Am oberen Ende der Verteilung liegen die nordischen Länder sowie einige andere westeuropäische Staaten. Österreich liegt im Mittelfeld der 40 Länder, am unteren Ende finden sich Gesellschaften Osteuropas, Asiens und Lateinamerikas. So weit, so wenig überraschend. Interessant ist hingegen, dass die Streuung der Indexwerte in Österreich besonders hoch ist. Der Quartilsabstand (die Breite des Balkens) ist nur in Deutschland höher. Anders ausgedrückt: Im Mittel haben die Österreicherinnen und Österreicher ein durchschnittlich modernes Frauenbild, aber die Polarisierung bei diesem Thema ist hierzulande größer als in den meisten Ländern.

Die zweite Grafik zeigt die durchschnittlichen Indexwerte pro Land, getrennt nach Geschlecht. Wenig überraschend verfügen Frauen (rote Punkte) meist über ein weniger traditionelles Frauenbild als Männer (blaue Punkte). In der Grafik fällt aber ebenso auf, dass die Geschlechterunterschiede im Allgemeinen dort größer sind, wo insgesamt ein relativ modernes Frauenbild vorherrscht. Wo das Frauenbild im Mittel traditioneller ist, gibt es weniger Unterschiede zwischen Frauen und Männern. Eine mögliche Interpretation dieses Ergebnisses wäre, dass Frauen traditionelle Rollenbilder schneller hinter sich lassen als Männer, wenn sich in einer Gesellschaft mit der Zeit modernere Geschlechterrollen etablieren.
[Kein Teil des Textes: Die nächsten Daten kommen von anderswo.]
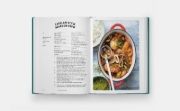 Buchcover und Innenansicht für das Buch: One Pot: 100 Simple Recipes to Cook Together (2025)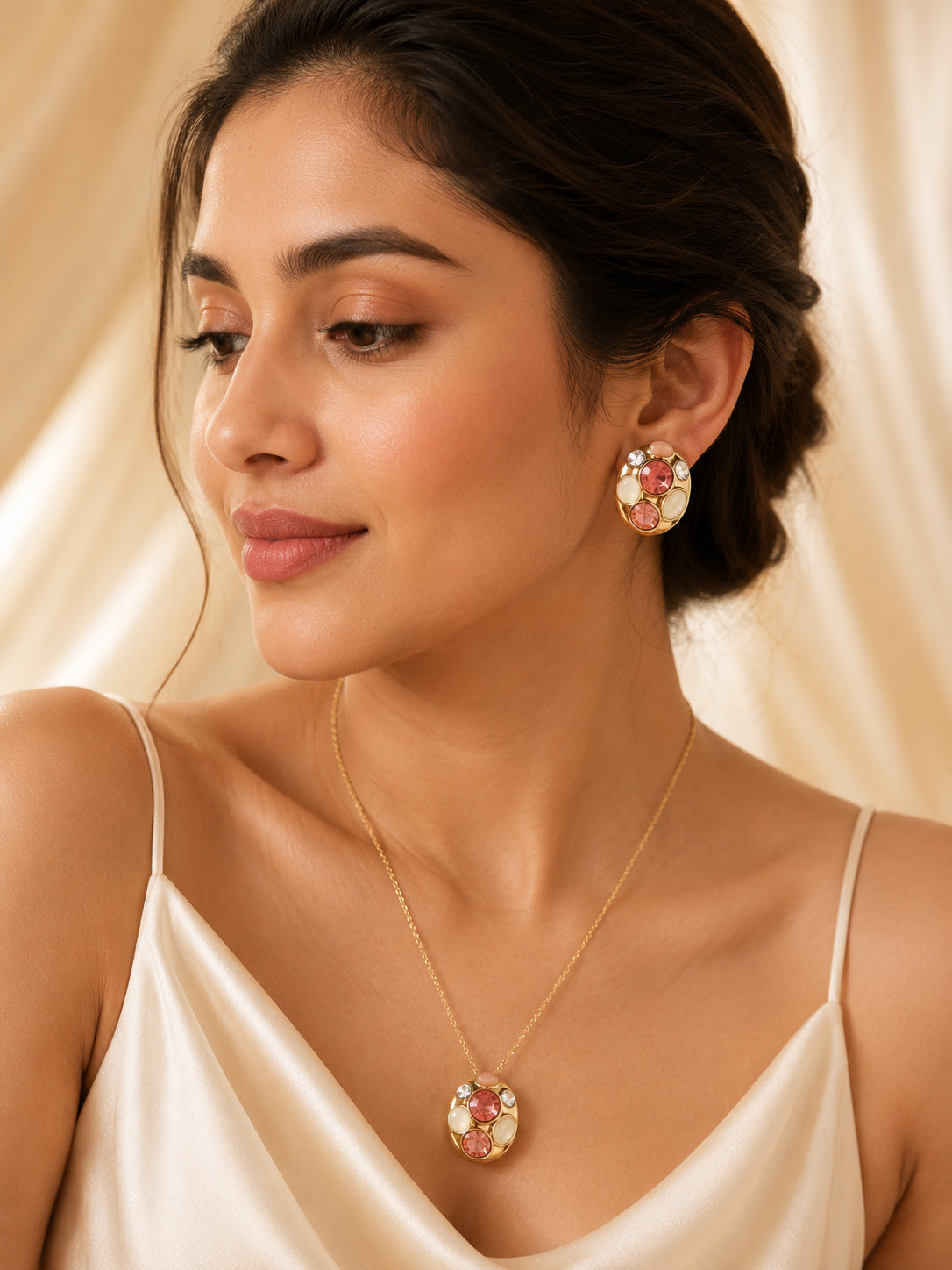 Aanura Peach Cluster Necklace & Earrings Set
Grafik: Laurenz Ennser-Jedenastik

Zuletzt werfen wir einen Blick auf unterschiedliche Wählergruppen in Österreich. Hier zeigt sich, dass die Einstellungen stark entlang von Parteipräferenzen polarisiert sind. Wer FPÖ wählt, hat typischerweise ein traditionelleres Frauenbild, wer Grün wählt, ein moderneres. Plakativ gesprochen ist der Unterschied zwischen FPÖ- und Grün-Wählerinnen und -Wählern derselbe wie zwischen Ungarn und Frankreich (siehe erste Grafik). SPÖ- und ÖVP-Anhängerinnen und -Anhänger liegen dazwischen – wobei sich bei diesen beiden Parteien ein deutlicher Unterschied zwischen den Geschlechtern ergibt.

Fazit: Die Österreicherinnen und Österreicher haben ein durchschnittlich modernes Frauenbild, die Meinungen zu diesem Thema sind allerdings stark polarisiert und (entlang von Parteiloyalitäten) politisiert.